八百長問題の解明を目指す特別調査委員会は25日、東京・両国国技館で会合を開き、八百長に関与した力士、親方への処分案を大筋でまとめた。4月1日の会合で報告書を作成し、同日に招集される臨時理事会に提出。関与を認定した20人前後に、除名から出場停止の処分が下される。解明、処分、再発防止策に見通しが立ったことで、夏場所(5月8日初日、東京・両国国技館)開催の可能性が出てきた。

 約2時間半の会合で、処分案が大筋で合意に至った。1人ずつの案件を整理し、確認を取った。伊藤座長は「手続き的に整合性を取り、バランスが取れているか整理した。今日は大きな仕事をした」と話した。4月1日午前9時からの会合で報告書を完成させ、招集を要請した同日午前10時半からの臨時理事会で処分が確定する。

 調査委が関与を認定したのは、20人前後で横綱、大関は含まれない。竹縄親方(元前頭春日錦)、千代白鵬、恵那司の3人は関与を認めたことを考慮し、退職金を受け取れる引退勧告となる見込み。メールや聞き取り調査から関与を認定されながら、自らは否定している清瀬海らは、最も厳しい除名か解雇処分が進言される。出場停止の場合も、長期にわたる見通しで、監督責任を問われる師匠は降格処分となる。

 伊藤座長は「4月1日に、みんなが血湧き肉躍る話をします」と宣言。理事会後、夕方に予定される記者会見には、聴取を担当した弁護士を含む調査委7人全員が出席し、個人差がある処分を論理的に説明できる体制を敷くという。

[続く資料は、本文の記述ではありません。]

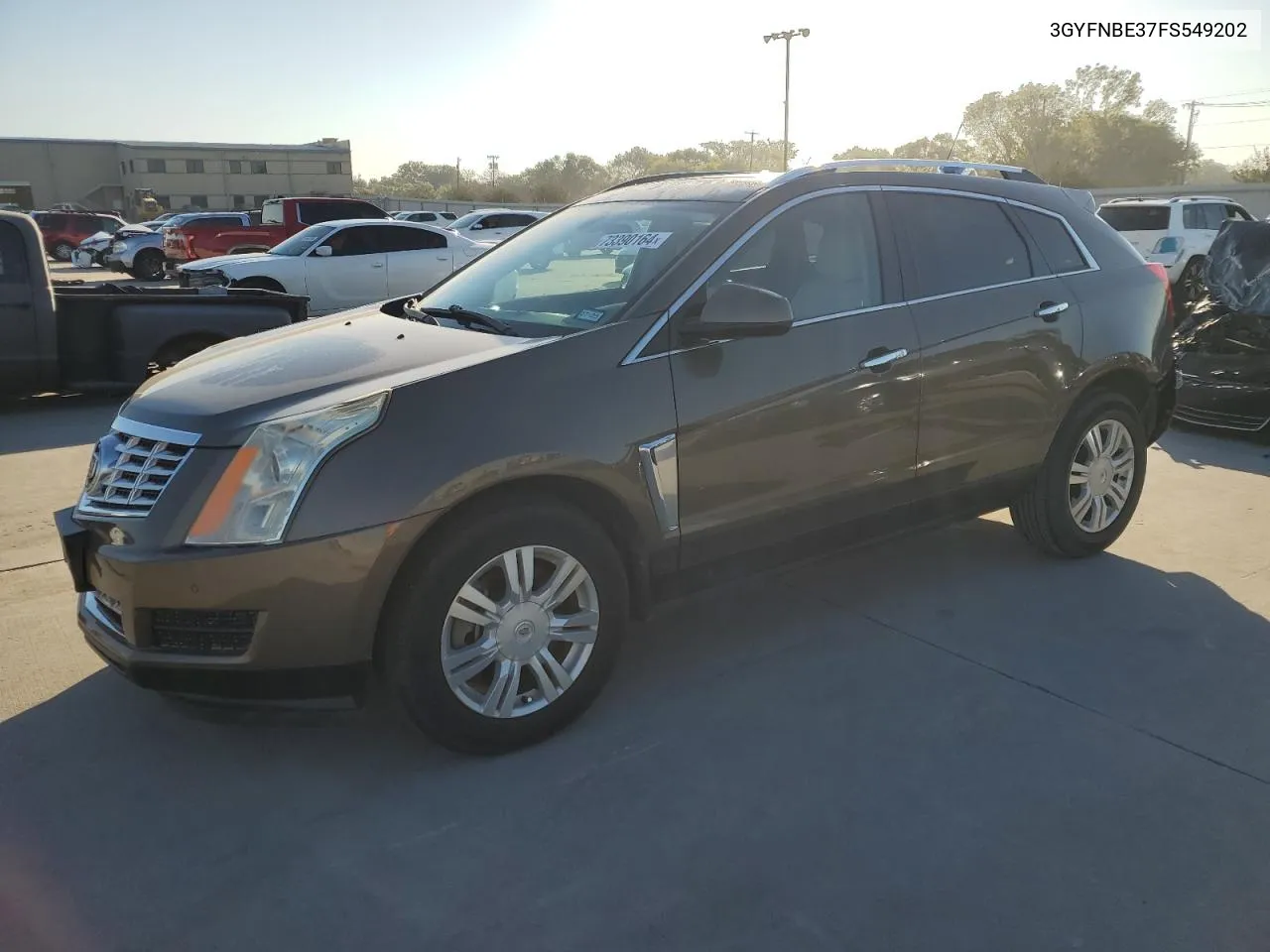 3GYFNBE37FS549202 2015 Cadillac Srx Luxury Collection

 物証は警視庁から提供された携帯メールと、3人以外は誰も関与を認めていない状況は変わりない。否認している者への処分確定は難しく、裁判に持ち込まれる可能性も覚悟。伊藤座長は「(裁判に)耐えうるか分からないけど、最大限の努力をした。これから始まる可能性はある」と話した。「故意による無気力相撲懲罰規定」と協会の寄付行為の賞罰規定を巧みに適用したが、寄付行為の不備を指摘する声も出たという。

 現在、疑惑力士から提出された2台の携帯電話は業者に解析を依頼しているが、新たな証拠は期待できないため、4月1日を処分確定の区切りとする。当日は、角界史上最悪の大量処分が下される。一方で、処分なくして、先へは進めない。30日には再発防止策をまとめる大相撲新生委員会が予定されている。「調査、処分、再発防止策」の八百長問題解決の3点セットがそろえば、夏場所開催への条件が整ってくる。